Paul Zmick, UVA’s director of energy and utilities, said the seasonal storage will save the University money. (Photo by Dan Addison, University Communications)

“Geoexchange is the process of using deep boreholes in the ground to store heat produced in the summer for heating in the winter,” said Paul Zmick, director of energy and utilities. “This is commonly called seasonal storage.

“In order to design geoexchange systems, we require a detailed understanding of the heat capacity and geology for the specific areas being considered for large bore fields.”

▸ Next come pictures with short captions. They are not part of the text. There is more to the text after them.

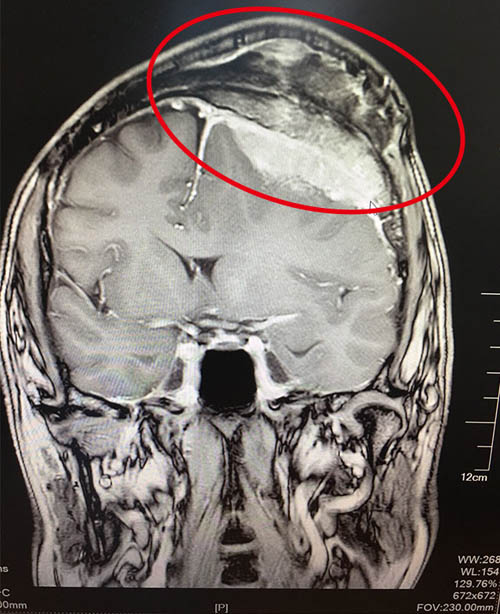 �XĤ�����g(sh��)��Ҫע�������{(di��o)�B(y��ng)��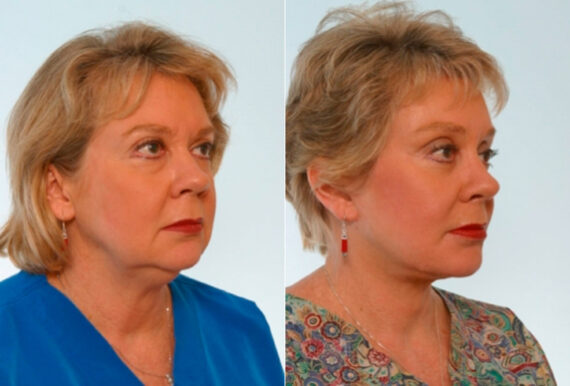 Blepharoplasty before and after photos in Houston, TX, Patient 26497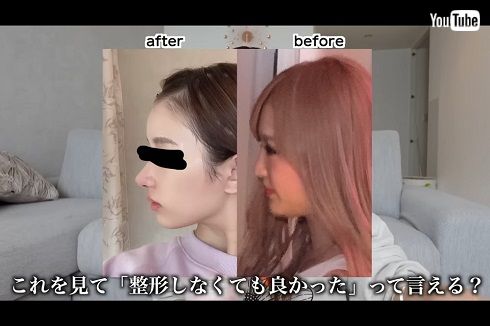 美容整形ビフォーアフターを示す伊藤桃々
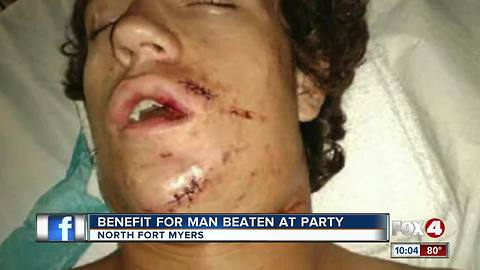 Benefit for man beating at a party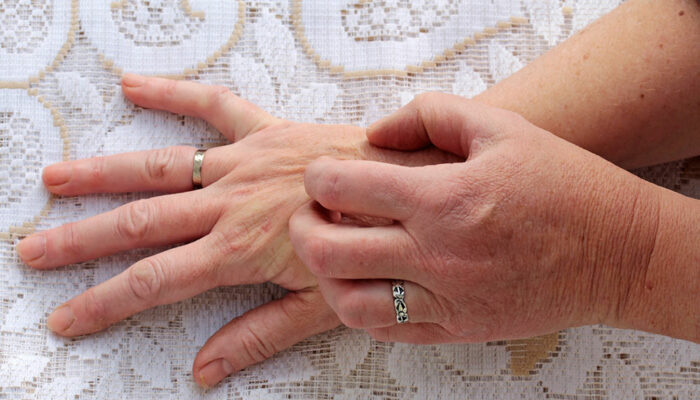 Scabies – Symptoms, Causes, and Treatment Options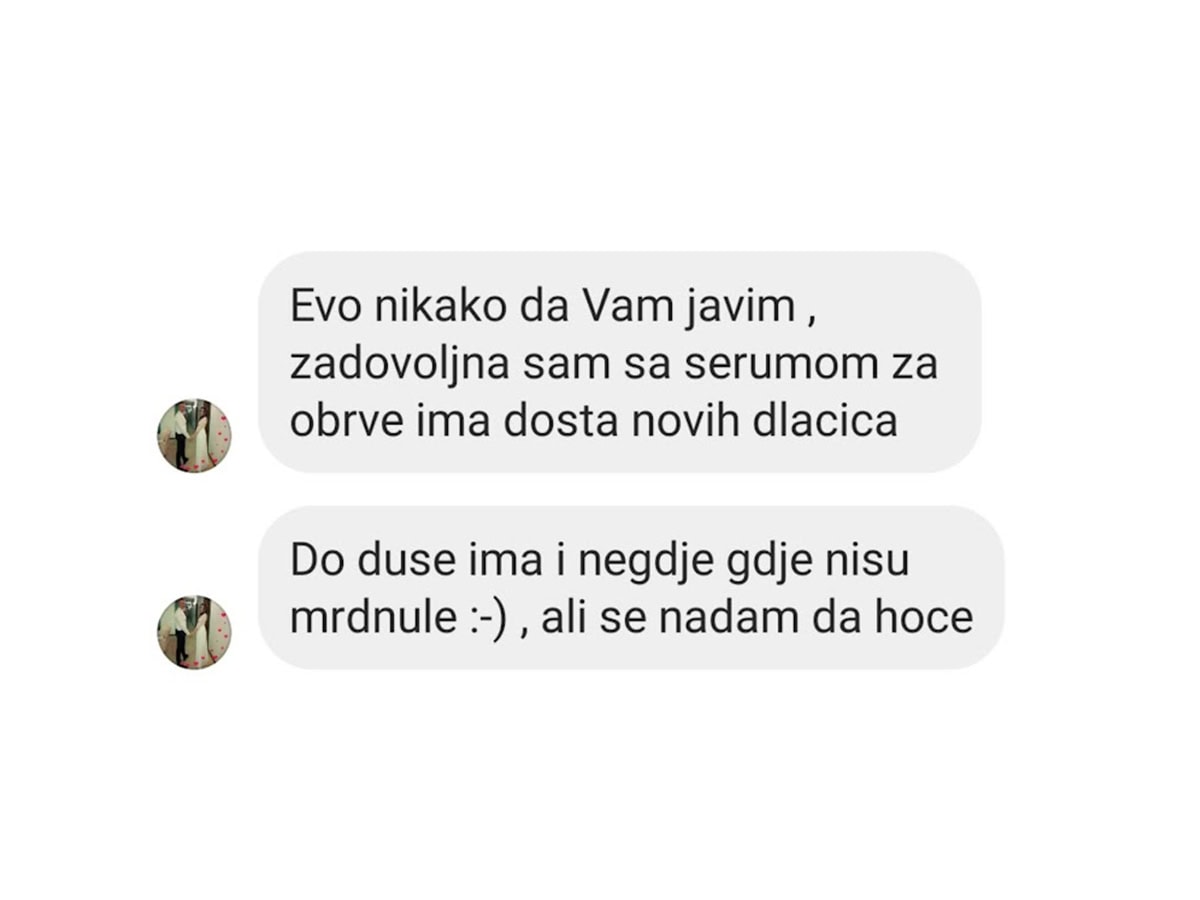 trepolea iskustvo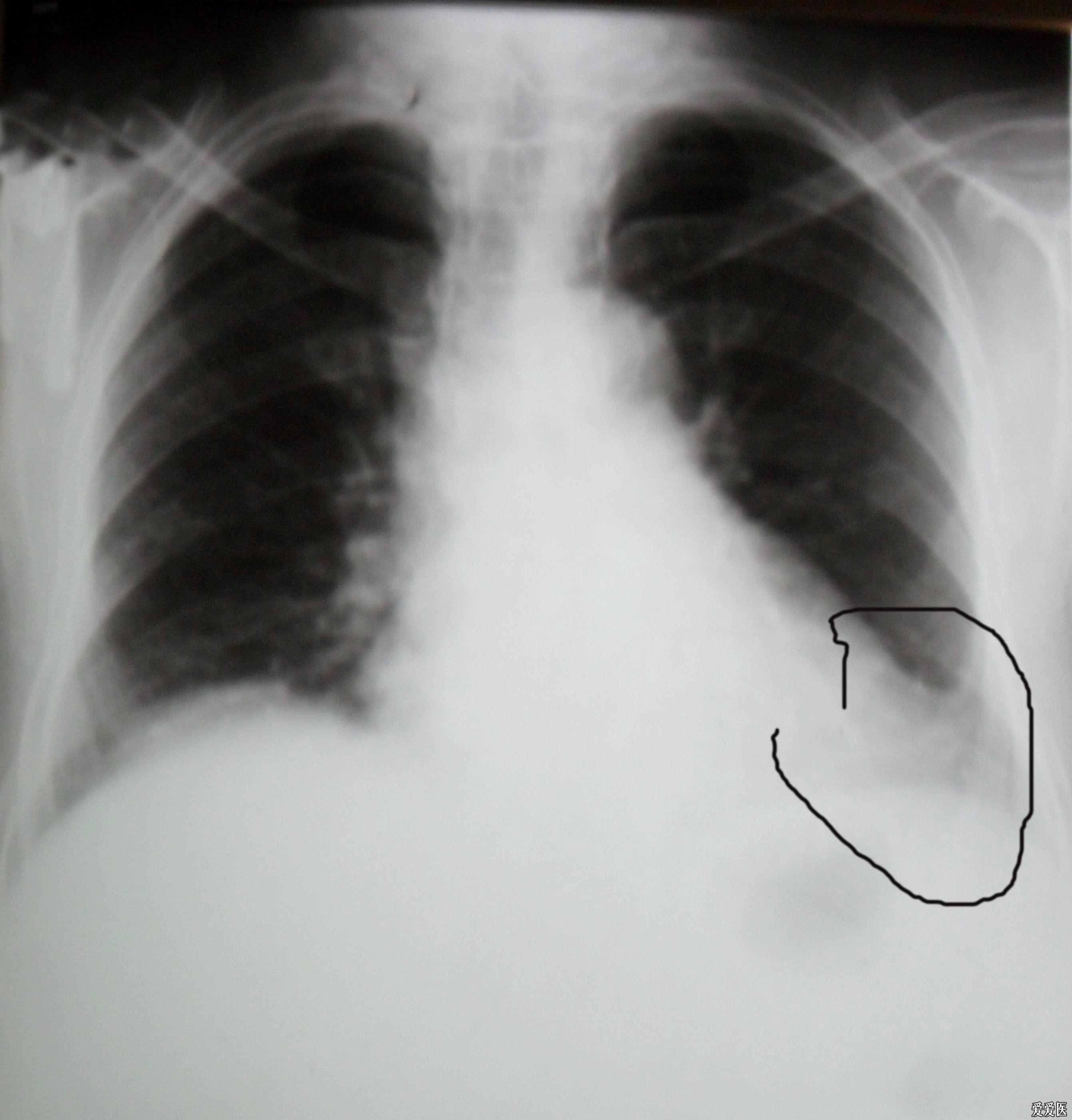 胸片 医学影像学讨论版 爱爱医医学论坛
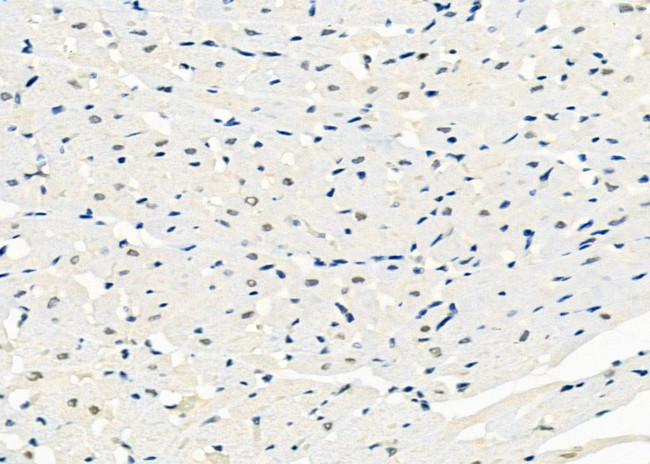 NDUFS7 Antibody in Immunohistochemistry (Paraffin) (IHC (P))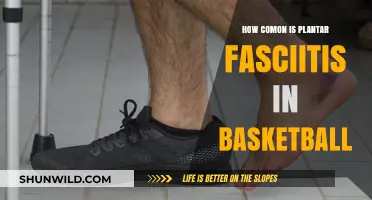 Plantar Fasciitis: A Common Ailment for Basketball Players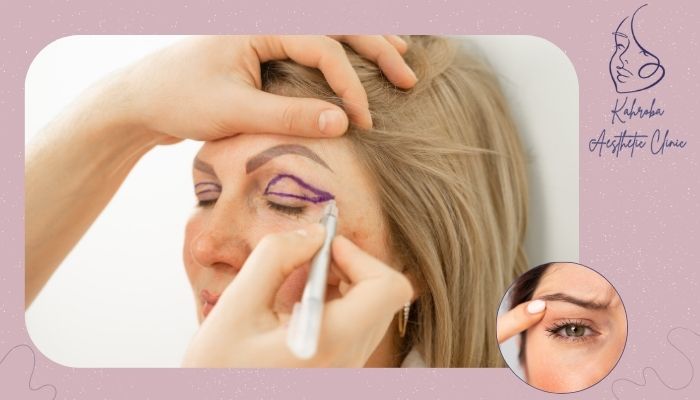 چرا باید بلفاروپلاستی را انتخاب کنید؟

To get that information, Zmick and his team are drilling eight test holes, each up to 8 inches in diameter and as deep as 1,000 feet. Six of the wells will be used for thermal testing. Later, workers will insert a tube into each hole and fill the space surrounding the tube with conductive grout. Then they will run hot water down into the tubes for a couple of days to test the heat retention of the soil. 

Zmick said it would take several days to determine if a well had potential for the geoexchange project.

Depending on the soil’s heat-holding capacity, the wells could be spaced closer together or farther apart to optimize the system, Zmick said.

A successful seasonal storage plan will save the University money and reduce its carbon footprint, Zmick said.

Currently, the University heats water using conventional fuels in boiler plants. The hot water is circulated to buildings, where the heat is extracted through HVAC or radiant systems; the cooled water is then returned to the plant through a closed loop. In the summer, the buildings are cooled using chilled water.

The process of keeping University buildings cool in the summer produces heat that currently is vented away. But that heat could be captured and stored in deep underground wells to warm buildings in the winter. (Infographic by Meredith Michael Smith, University Communications)

Zmick envisions a different approach.

“In the proposed system, heat recovery chillers combined with geoexchange, will use electricity to drive the chiller that will produce both hot and cold water,” Zmick said, noting chillers produce hot water the way a freezer generates heat while creating ice. 

“It is a vapor compression and expansion process using refrigerants similar to household heat pumps,” Zmick said.

Geoexchange solves a problem facing most renewable energy - storage. Like a large thermal battery, the ground can store the heat for a long time, from six months to a year, due to the relatively slow groundwater flow through the soil.

“In the middle of summer, when we are making a lot of chilled water and we need somewhere to dump the heat off the hot side, we can dump it down a well,” Zmick said. “And we are just heating that soil around the well we drilled, and so in the wintertime when we are making a lot of chilled water and we need more hot water, we can pull it out and use it to heat buildings.”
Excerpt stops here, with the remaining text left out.